Whatever the merits of the case, the news that Facebook is being dragged into the Federal courts over a patent challenge can only be bad news for the credibility of US commercial practices.

These high profile patent litigation stories only appear to arise in the United States (most recently it was of course RIM and the Blackberry that was forced into a multi-million dollar settlement). They simply re-inforce the impression of a get-rich-quick culture that has dubious morality. Coming so soon after the financial crisis (again, rightly or wrongly seen as inspired by US trading practices), this case sends out a negative message to the world – and the global Facebook community.

First, what is wrong with cases like this? The impression they give is that the US patent system allows people who have invented and invested nothing simply patenting ‘ideas’, often written in such general terms that they can apply to many later endeavors. It often seems like these individuals then just wait until an innocent party has successfully invested time and money in developing a similar idea – and then they pounce.  Morally, this seems wrong. The argument in favor of patents and intellectual property rights is that many inventions take substantial investment and it would be wrong to deny those investors a reasonable chance to make money from their endeavor. If they were so denied, the argument goes, then invention itself would suffer.

But the counter-side of intellectual property rights is that they can become a restraint on trade and open competition. At their worst, they can in fact stifle invention – and that is what the current US system at least appears to enable. US inventiveness in the 19th century itself relied quite heavily on poaching ideas from elsewhere. The US prospered because it excelled at developing low-cost versions of those ideas. Today, cases like Facebook give the impression that US ‘entrepreneurs’ are trying to hold the world to ransom and gain income from the work of others.

So second, what are the possible consequences? If I were sitting in China or India or any developing nation hungry for new ideas and sources of wealth, I would question the integrity and morality of a patent and IP system that appeared to constrain competition. I would find it hard to understand why individuals who invested nothing could patent some general idea or concept and then make money from someone else’s risk and endeavor. And as a result, I would feel little obligation to honor intellectual property rights that were linked to such a debatable process.

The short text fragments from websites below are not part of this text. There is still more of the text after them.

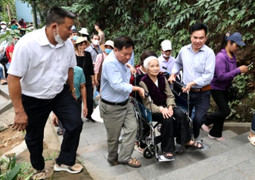 Hai con khiêng mẹ 87 tuổi vượt gần 500 bậc đá lên đỉnh núi dâng hương Vua Hùng
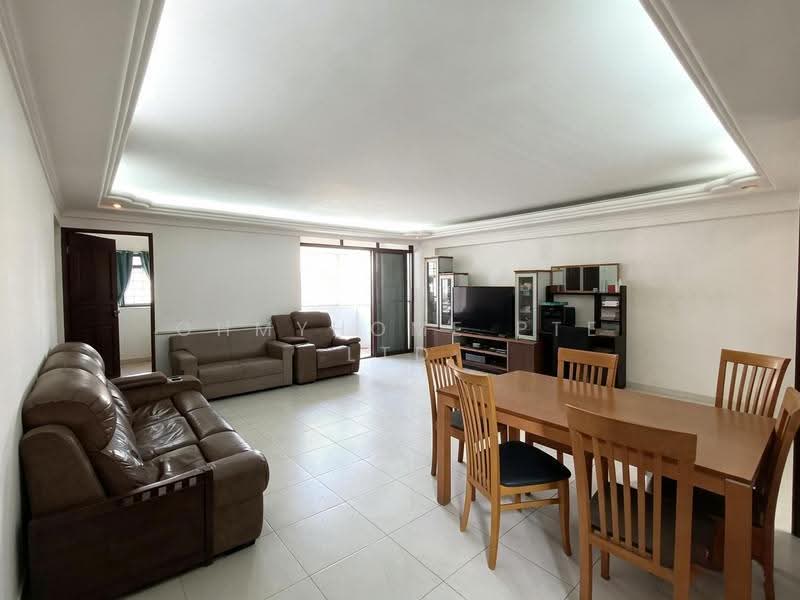 323A Sengkang East Way, 323A Sengkang East Way, Hougang / Punggol / Sengkang, 3 Bedrooms, 1,184 sqft, HDB Flat For Sale, by AARON LIM, 500264464 - Living Room - PropertyGuru.com.sg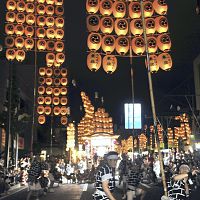 ２６６本の光の稲穂、夏の夜空彩る 竿燈まつり開幕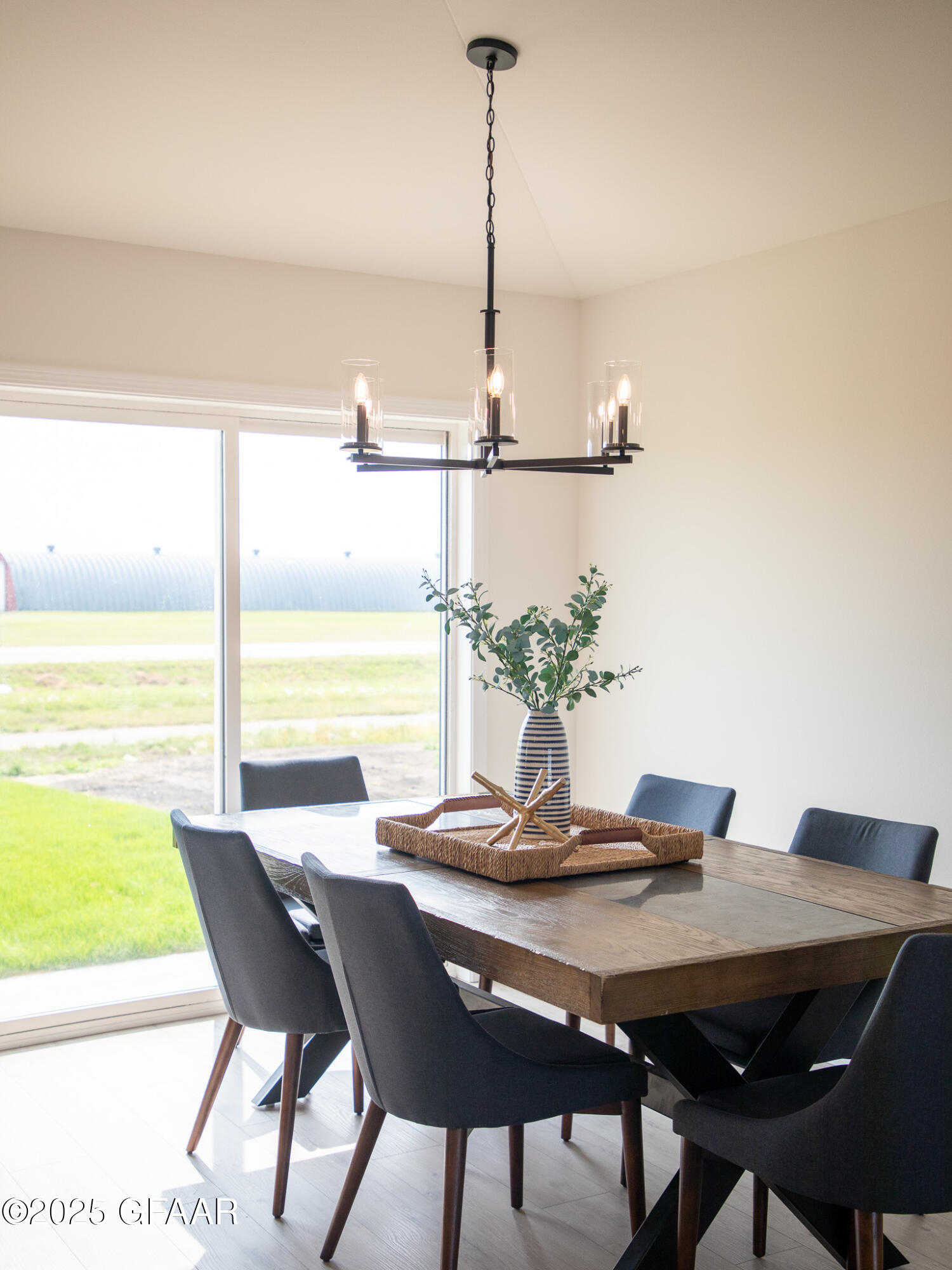 property viewer photo 4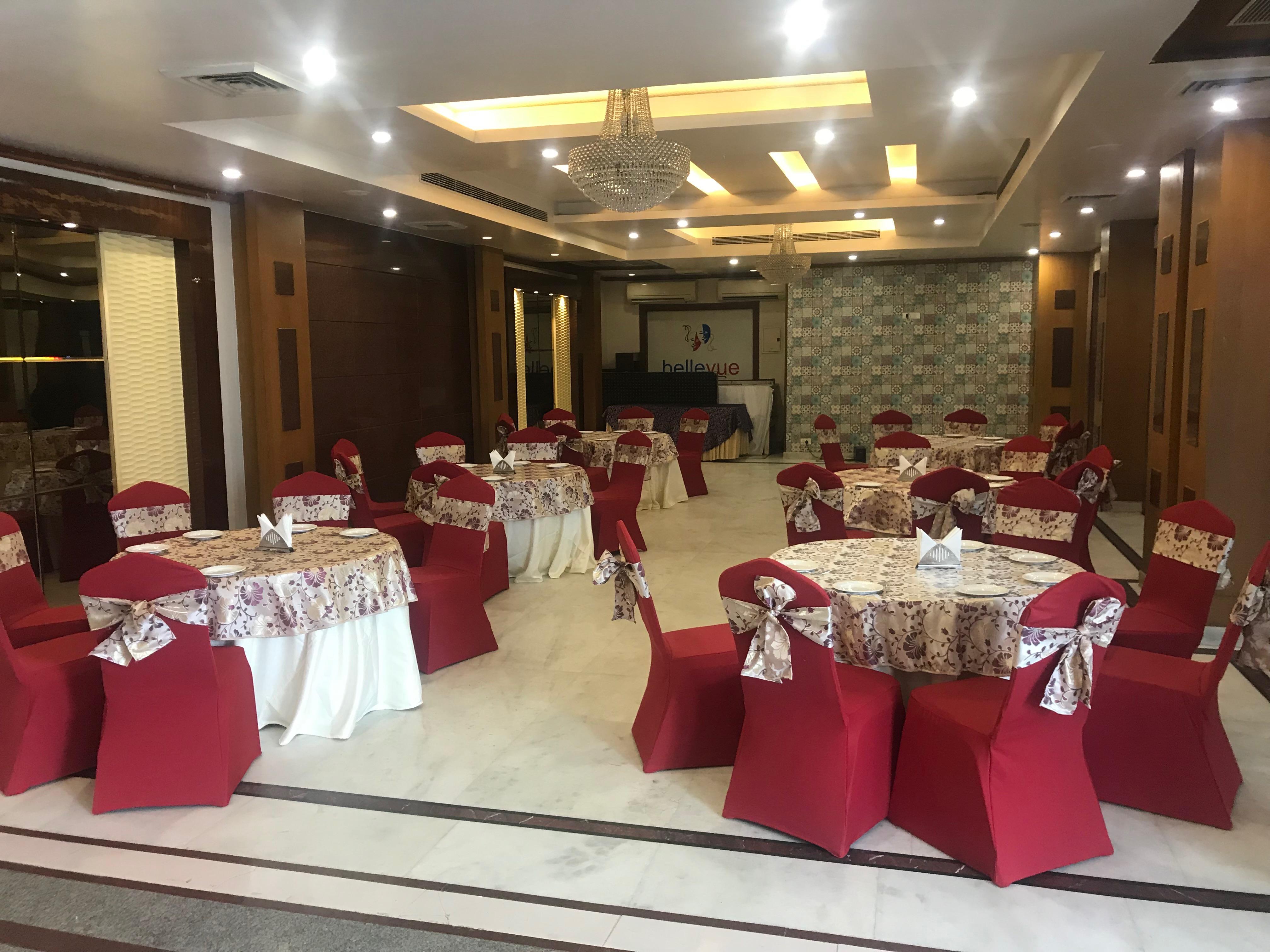 Hotel Leela Grande Karnal Bagian luar foto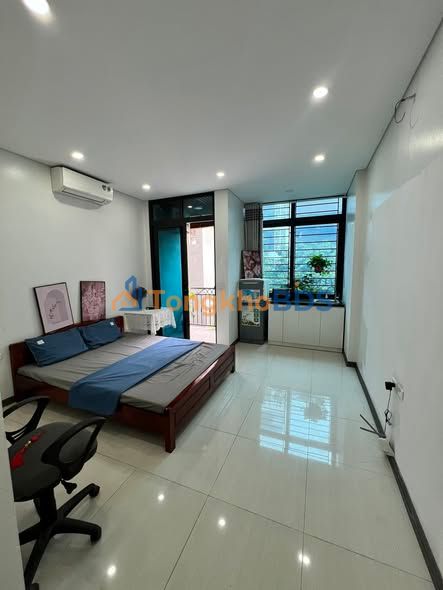 Cho thuê Studio 25m² Trịnh Công Sơn, Tây Hồ - Full Nội thất, Giá 5.2 Triệu/tháng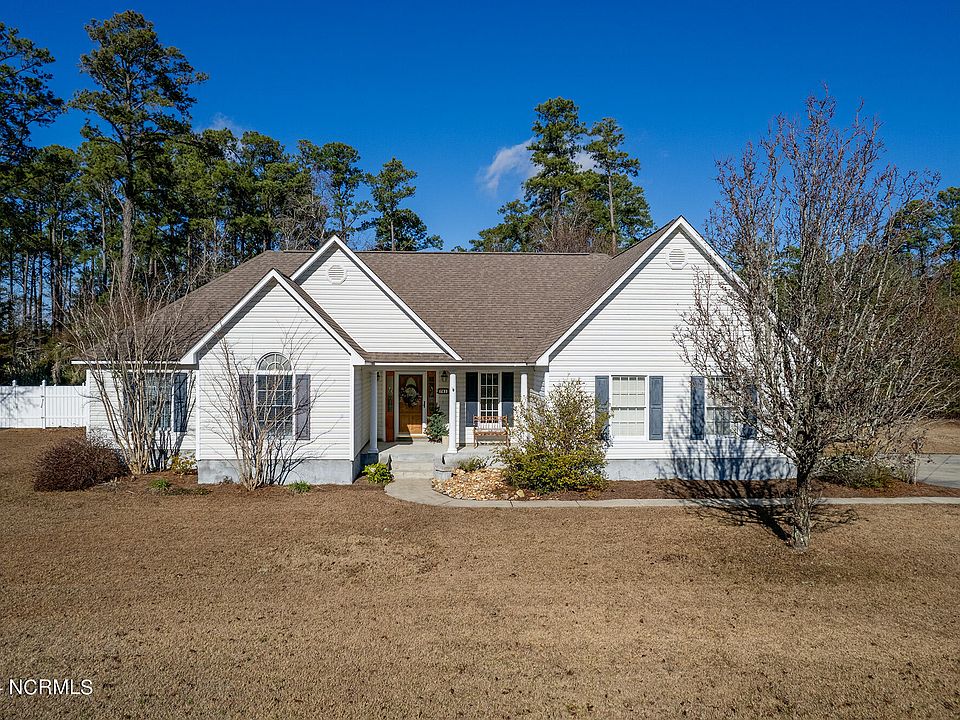 1st image of 751 Comet Drive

Overall, for world trade to flourish, there must be systems that are visibly fair and equitable and which are based on broadly accepted standards of moral behavior. The US does so many good things – for example, its principles of openness, its campaigns against bribery and corruption. It is therefore such a pity when it fails to recognize how badly its image is dented by apparent ‘get-rich-quick’ schemes that are clearly against the wider public interest. The patent laws and thier operation need urgent overhaul so that they represent a model for the global networked economy.